Текстология – составная часть работы редактора классических произведений художественной литературы. Поэтому выпущенная в далеком уже 1928 году книга Б.В. Томашевского «Писатель и книга», у которой в подзаголовке стояло: «Очерк текстологии» и которая давно стала библиографической редкостью, не могла не привлечь моего внимания. Прочитав ее, я понял, что хотя она несколько устарела, но могла бы послужить хорошей основой для современной книги на ту же тему. Недолго думая, весной 1957 года я написал Борису Викторовичу Томашевскому:
Уважаемый Борис Викторович!
В издательстве «Искусство» существует редакция литературы по книгоиздательскому делу, полиграфической технике и книжной торговле. Эта редакция призвана выпускать в числе других книги для редакционных работников, обобщающие ценный издательский опыт, помогающие редакторам повышать свое мастерство, глубже и всестороннее изучать книгу как особое явление культуры. Среди таких книг должна быть, безусловно, и книга, обобщающая опыт подготовки и издания произведений русской классической литературы, показывающая достижения и вскрывающая недостатки в этой области деятельности. В основу подобной книги должно, по нашему мнению, лечь изложение теории и практики текстологической работы – основного и главного раздела редакторской работы при издании классических произведений.

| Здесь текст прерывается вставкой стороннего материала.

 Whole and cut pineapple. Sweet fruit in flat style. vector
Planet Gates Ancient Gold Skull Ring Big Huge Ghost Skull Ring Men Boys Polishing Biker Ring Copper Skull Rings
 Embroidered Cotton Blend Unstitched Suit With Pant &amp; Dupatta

Не могли ли бы Вы взяться за написание этой книги? Мы не формулируем точно тему ее и название вполне сознательно, так как хотим сделать это совместно с Вами, если, конечно, Вы согласитесь с нашим предложением. Нам очень бы хотелось, чтобы автором такой книги стали именно Вы.

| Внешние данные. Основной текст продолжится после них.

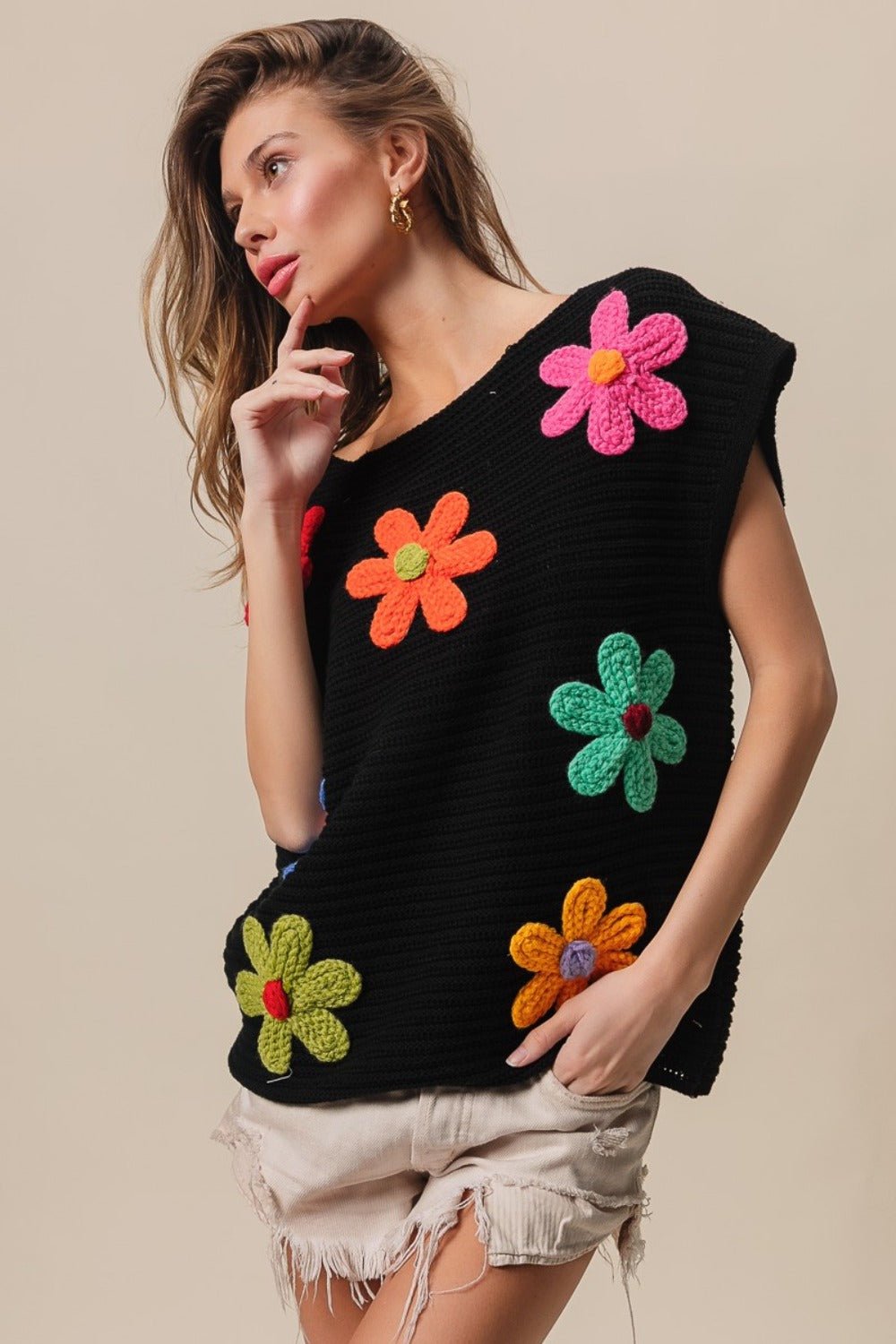 BiBi Flower Round Neck Cap Sleeve Knit Top - Loulou Boutique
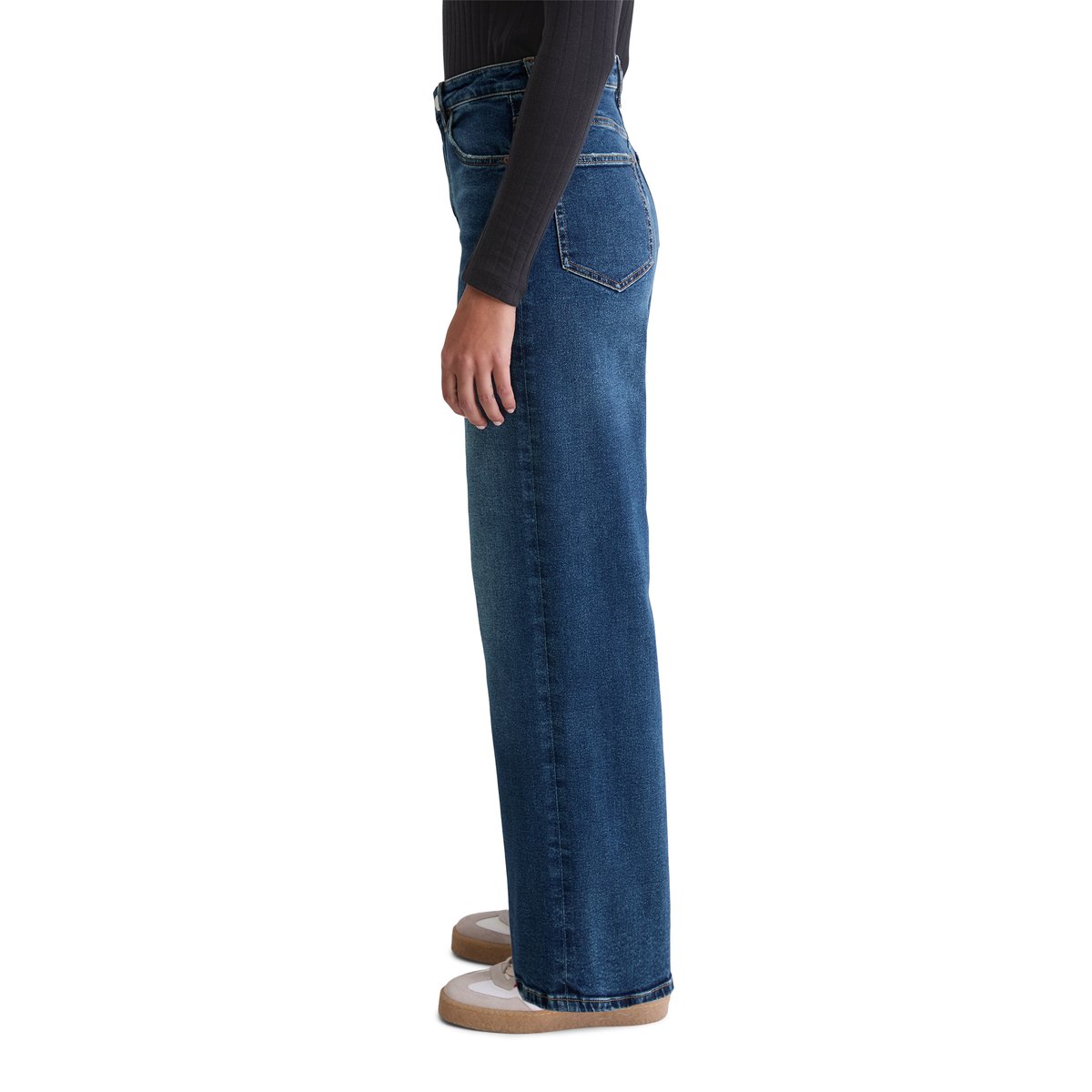 Jeans modèle Tolva large en coton organique mélangé stretch bleu foncé, MARC O'POLO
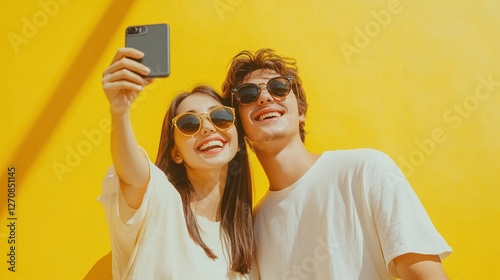 Young couple taking a selfie with yellow background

Сейчас перечитывая это очень топорно написанное письмо, я удивляюсь тому, что в нем ни слова нет о напрашивавшемся вопросе о возможности выпуска переработанного издания «Писателя и книги». Все равно ответ был неутешительным:
Ленинград. 30 мая 1957
Глубокоуважаемый товарищ Мильчин!
Прошу извинения за поздний ответ. Ваше письмо пришло в мое отсутствие, и я прочел его только по возвращении в Ленинград.
Я полагаю, что Вы совершенно правы, и издание книги, посвященной теории и практике текстологической работы, было бы своевременно. К сожалению, в настоящее время я никак не могу взяться за это дело. Просто переиздавать мою книгу 1928 г. «Писатель и книга» невозможно, так как за эти 30 лет сделано в этой области очень много, чего нельзя обойти вниманием. С другой стороны, в настоящее время провозглашаются (и от имени, казалось бы, компетентных инстанций) принципы, с моей точки зрения противоречащие элементарным основам критики текста; мало того, что провозглашаются, – и применяются на деле, что ведет к массовой порче текстов наших классиков. Это требует подробных возражений. А я в настоящее время настолько связан многими взятыми мной по неосторожности литературными обязательствами, которые выполняю с трудом и с запозданием, что не имею никакой возможности предпринять данный труд. Я надеюсь обратиться к нему, когда освобожусь от всего прочего, но, видимо, это будет нескоро.
Во всяком случае, я очень признателен Вам за Ваше письмо, касающееся вопроса мне близкого и связанного со значительной частью проделанного мною за многие годы моей работы.